Email app is bad for your health, says new Research

Checking your email too often could make you stressed, says new Research

Constant email updates are a source of stress that people should consider doing without, according to a report by psychologists.

They recommend not having the email app running at all times — which many users would regard as heresy. The report, from the London-based Future Work Centre, which conducts psychological research on workplace experiences, said emails were a “double-edged sword” of useful communication and stress.

Urging users to seize control of their email, instead of being ruled by it, the authors said: “You may want to consider launching your email application when you want to use email, and closing it down for periods when you don’t wish to be interrupted by incoming emails. In other words, use email when you intend to, not just because it’s always running in the background.”

The team surveyed almost 2000 working people across a range of industries and occupations in the UK about using email.

Two of the most stressful habits were leaving email on all day and checking emails early in the morning and late at night. There was a “strong relationship” between use of the ‘push’ feature, which automatically updates emails on devices as soon as they arrive, and perceived email pressure.

Higher email pressure was associated with work having a negative effect on home life, and home life having a negative impact on performance at work.

Lead author, Dr Richard MacKinnon, said: “Our research shows that email is a double-edged sword.
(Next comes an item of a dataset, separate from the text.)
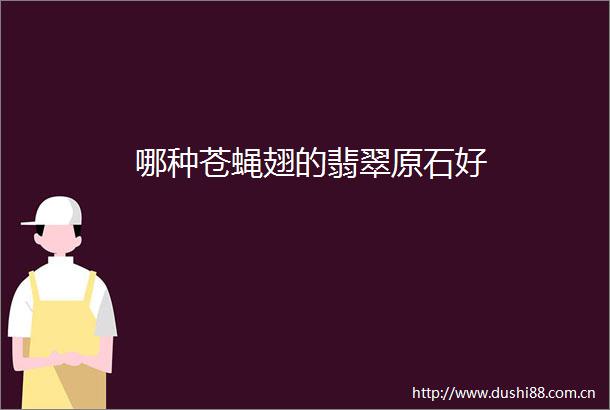 哪种苍蝇翅的翡翠原石好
Whilst it can be a valuable communication tool, it’s clear that it’s a source of stress or frustration for many of us.

“The people who reported it being most useful to them also reported the highest levels of email pressure. But the habits we develop, the emotional reactions we have to messages, and the unwritten organisational etiquette around email, combine into a toxic source of stress, which could be negatively impacting our productivity and wellbeing.” Email pressure was highest among younger people and steadily decreased with age, according to the findings presented at the British Psychological Society’s Division of Occupational Psychology annual meeting, in Nottingham.

Those working in IT, marketing, public relations, the internet and media were most affected by email stress. Thirty percent of this group received more than 50 emails a day and 65% allowed their devices to update emails round the clock.

In 2014, an estimated 196.3 billion emails were sent around the world, according to the report.